**Task directions**. From the first line to the last, retype the records exactly without their images.

START Provided records

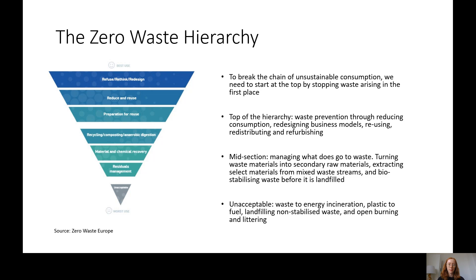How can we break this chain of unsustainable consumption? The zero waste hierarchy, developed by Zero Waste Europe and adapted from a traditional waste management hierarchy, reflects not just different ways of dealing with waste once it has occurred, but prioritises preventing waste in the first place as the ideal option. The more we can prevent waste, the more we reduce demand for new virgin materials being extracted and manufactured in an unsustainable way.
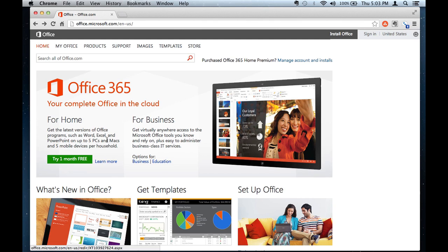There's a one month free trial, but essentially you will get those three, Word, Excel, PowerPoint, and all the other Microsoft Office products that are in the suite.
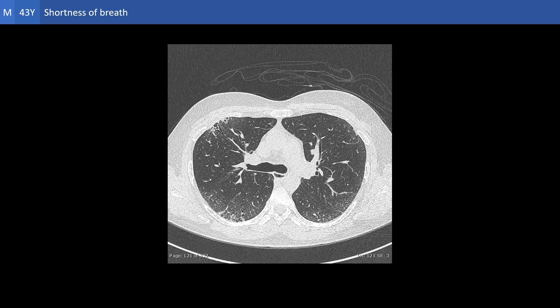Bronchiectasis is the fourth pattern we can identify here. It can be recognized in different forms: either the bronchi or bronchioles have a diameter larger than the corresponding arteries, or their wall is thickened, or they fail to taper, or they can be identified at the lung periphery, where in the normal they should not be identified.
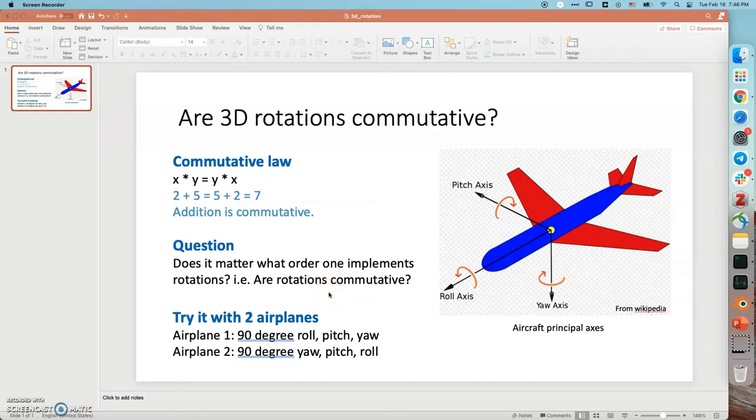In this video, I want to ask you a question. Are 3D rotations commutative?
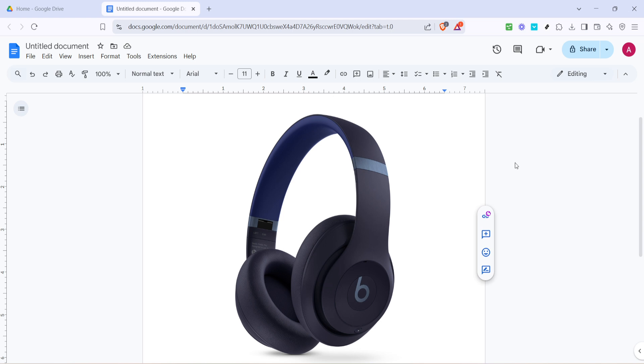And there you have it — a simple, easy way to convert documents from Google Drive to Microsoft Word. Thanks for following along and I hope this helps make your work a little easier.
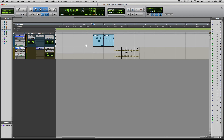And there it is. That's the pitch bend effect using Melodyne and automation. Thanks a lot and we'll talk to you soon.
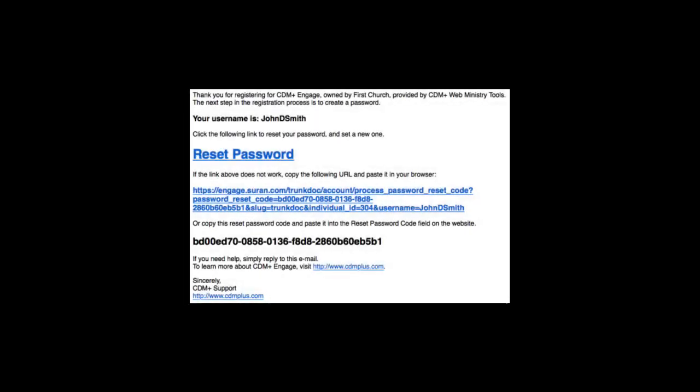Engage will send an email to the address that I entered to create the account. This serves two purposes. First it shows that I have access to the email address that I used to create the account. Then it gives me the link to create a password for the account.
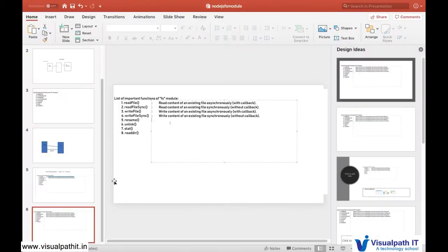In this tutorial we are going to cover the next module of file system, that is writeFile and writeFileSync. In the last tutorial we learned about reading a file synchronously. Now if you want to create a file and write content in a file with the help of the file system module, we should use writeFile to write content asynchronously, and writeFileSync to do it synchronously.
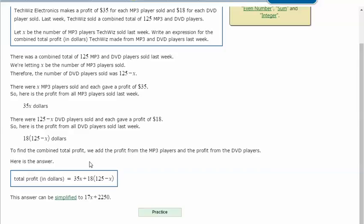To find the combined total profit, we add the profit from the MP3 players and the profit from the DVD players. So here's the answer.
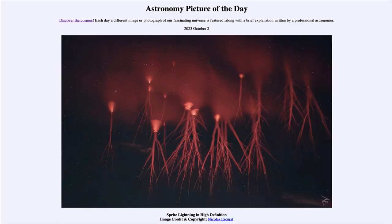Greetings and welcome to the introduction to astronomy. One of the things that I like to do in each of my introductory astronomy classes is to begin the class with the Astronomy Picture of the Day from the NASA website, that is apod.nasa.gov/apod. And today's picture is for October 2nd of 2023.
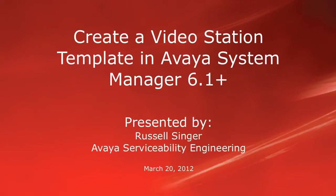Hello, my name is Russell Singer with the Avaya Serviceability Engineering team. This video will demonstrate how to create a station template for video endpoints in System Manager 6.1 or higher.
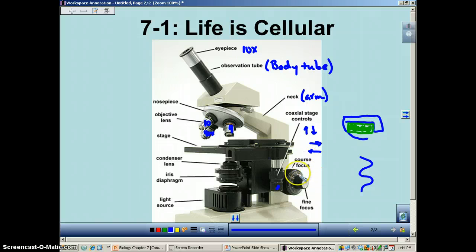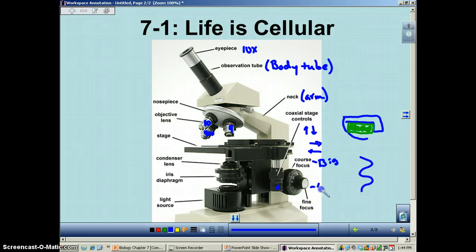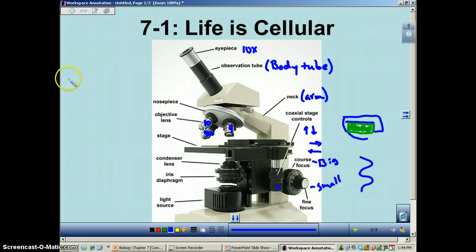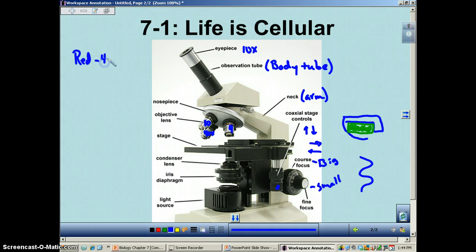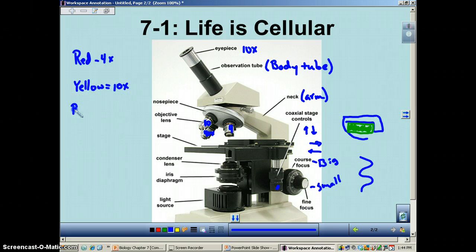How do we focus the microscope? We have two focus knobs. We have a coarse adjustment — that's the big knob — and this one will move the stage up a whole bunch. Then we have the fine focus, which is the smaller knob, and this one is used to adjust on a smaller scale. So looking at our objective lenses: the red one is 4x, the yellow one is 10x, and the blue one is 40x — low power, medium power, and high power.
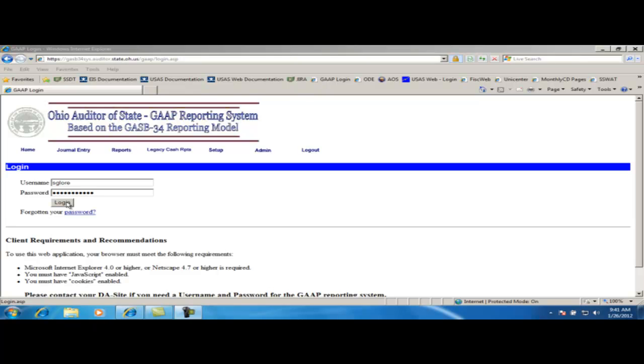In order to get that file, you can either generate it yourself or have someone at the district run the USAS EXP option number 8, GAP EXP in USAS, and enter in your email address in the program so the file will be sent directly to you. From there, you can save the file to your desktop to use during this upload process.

END Provided records

**Response to this task**.
How can we break this chain of unsustainable consumption? The zero waste hierarchy, developed by Zero Waste Europe and adapted from a traditional waste management hierarchy, reflects not just different ways of dealing with waste once it has occurred, but prioritises preventing waste in the first place as the ideal option. The more we can prevent waste, the more we reduce demand for new virgin materials being extracted and manufactured in an unsustainable way.
There's a one month free trial, but essentially you will get those three, Word, Excel, PowerPoint, and all the other Microsoft Office products that are in the suite.
Bronchiectasis is the fourth pattern we can identify here. It can be recognized in different forms: either the bronchi or bronchioles have a diameter larger than the corresponding arteries, or their wall is thickened, or they fail to taper, or they can be identified at the lung periphery, where in the normal they should not be identified.
In this video, I want to ask you a question. Are 3D rotations commutative?
And there you have it — a simple, easy way to convert documents from Google Drive to Microsoft Word. Thanks for following along and I hope this helps make your work a little easier.
And there it is. That's the pitch bend effect using Melodyne and automation. Thanks a lot and we'll talk to you soon.
Engage will send an email to the address that I entered to create the account. This serves two purposes. First it shows that I have access to the email address that I used to create the account. Then it gives me the link to create a password for the account.
In this tutorial we are going to cover the next module of file system, that is writeFile and writeFileSync. In the last tutorial we learned about reading a file synchronously. Now if you want to create a file and write content in a file with the help of the file system module, we should use writeFile to write content asynchronously, and writeFileSync to do it synchronously.
To find the combined total profit, we add the profit from the MP3 players and the profit from the DVD players. So here's the answer.
Greetings and welcome to the introduction to astronomy. One of the things that I like to do in each of my introductory astronomy classes is to begin the class with the Astronomy Picture of the Day from the NASA website, that is apod.nasa.gov/apod. And today's picture is for October 2nd of 2023.
Hello, my name is Russell Singer with the Avaya Serviceability Engineering team. This video will demonstrate how to create a station template for video endpoints in System Manager 6.1 or higher.
How do we focus the microscope? We have two focus knobs. We have a coarse adjustment — that's the big knob — and this one will move the stage up a whole bunch. Then we have the fine focus, which is the smaller knob, and this one is used to adjust on a smaller scale. So looking at our objective lenses: the red one is 4x, the yellow one is 10x, and the blue one is 40x — low power, medium power, and high power.
In order to get that file, you can either generate it yourself or have someone at the district run the USAS EXP option number 8, GAP EXP in USAS, and enter in your email address in the program so the file will be sent directly to you. From there, you can save the file to your desktop to use during this upload process.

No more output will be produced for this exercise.